Did the FBI lie about homegrown 9/11 connections?

At least one man believes the 9/11 hijackers had help in the U.S., and he’s called for an investigation into two classified documents that link Saudis living in Sarasota, Florida to the 9/11 hijackers. For years, conspiracy theorists have claimed Saudis organized 9/11. With 15 of the 19 hijackers being Saudis, this seemed to further bolster the claim.

And why was the FBI instructed to not say anything to embarrass the Saudis directly after 9/11? There’s a lot of questions about what happened that terrible day. Here is the latest news on the subject:

“Former Florida Sen. Bob Graham, who co-chaired Congress’ Joint Inquiry into the 9/11 terrorist attacks, has seen two classified FBI documents that he says are at odds with the bureau’s public statements that there was no connection between the hijackers and Saudis then living in Sarasota, Fla.

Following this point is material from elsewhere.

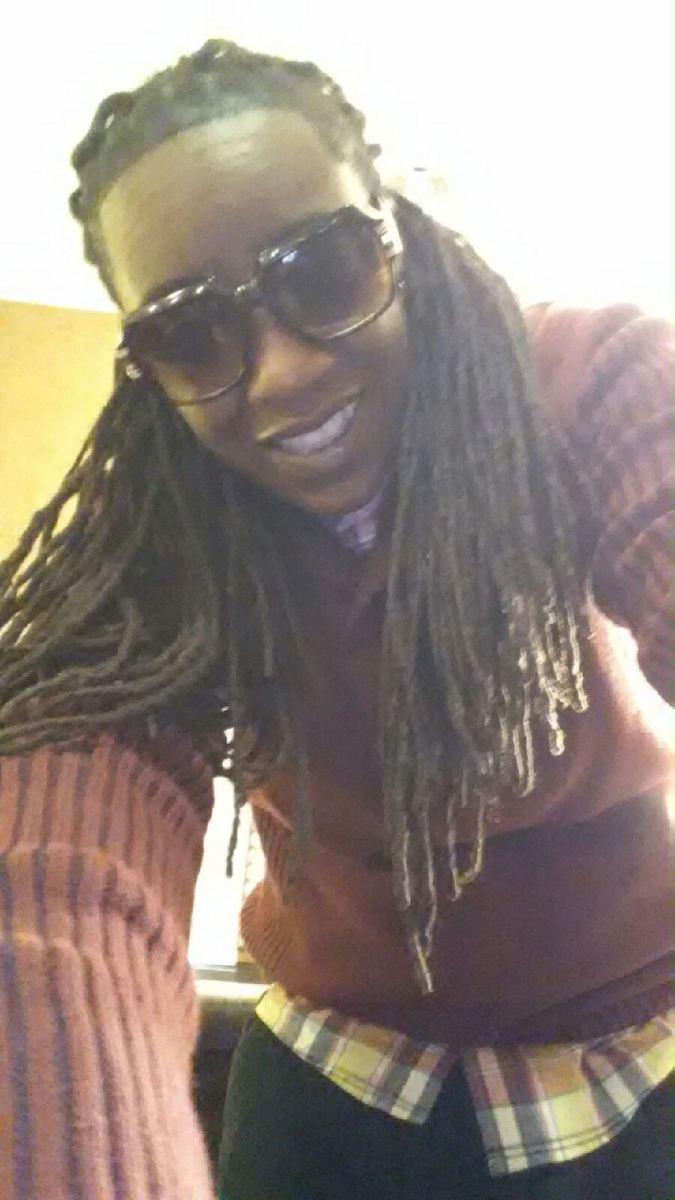 only1tre_'s profile picture.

“There are significant inconsistencies between the public statements of the FBI in September and what I read in the classified documents,” Graham said. “One document adds to the evidence that the investigation was not the robust inquiry claimed by the FBI,” Graham said. “An important investigative lead was not pursued and unsubstantiated statements were accepted as truth.”

Whether the 9/11 hijackers acted alone, or whether they had support within the U.S., remains an unanswered question -- one that began to be asked as soon as it became known that 15 of the 19 hijackers were Saudi citizens. It was underlined when Congress’s bipartisan inquiry released its public report in July 2003. The final 28 pages, regarding possible foreign support for the terrorists, were censored in their entirety -- on President George W. Bush’s instructions.

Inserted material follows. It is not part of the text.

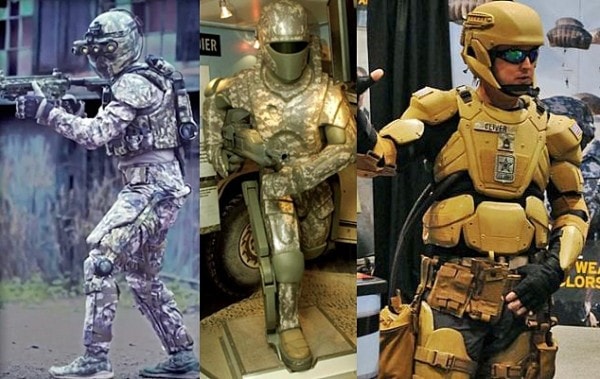 khung-xuong-tro-luc-talos.jpg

Analysis of Prestancia gatehouse visitor logs and photographs of license tags showed that vehicles driven by several of the future hijackers had visited the al-Hijji home at 4224 Escondito Circle, according to a counterterrorism officer and former Prestancia administrator Larry Berberich. If that did occur, it will feed into suspicions that the hijackers had Saudi support -- a suspicion held by some official investigators but played down by the 9/11 Commission.

Newly released Florida Department of Law Enforcement documents, however, state that an informant told the FBI in 2004 that al-Hijji had considered Osama bin Laden a “hero” and may have known some of the hijackers. The informant, Wissam Hammoud, also said al-Hijji once introduced him to Adnan El Shukrijumah, an ex-Broward County resident and suspected al-Qaida operative on the FBI’s Most Wanted list.

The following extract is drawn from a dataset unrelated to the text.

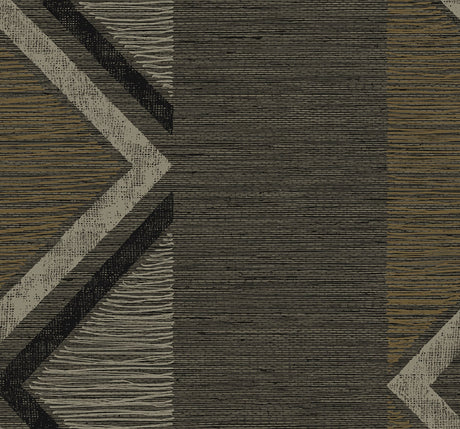 Seabrook Designs TH91506 Wallpaper - Eade's Wallpaper & Fabric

Last September, FBI spokesmen also disputed Graham’s assertion that Congress was never told about the Sarasota investigation. Graham sees what he believes to be the suppression of evidence pointing to Saudi support for the 9/11 hijackers as arising from the perceived advantages to the West, at the time and now, of keeping Saudi Arabia happy. In late December, the U.S. announced a new $30 billion defense deal with the Saudis.

“I think that in the period immediately after 9/11 the FBI was under instructions from the Bush White House not to discuss anything that could be embarrassing to the Saudis,” Graham said. It is inexplicable why the Obama administration has been reticent to pursue the question of Saudi involvement in the 9/11 attack.”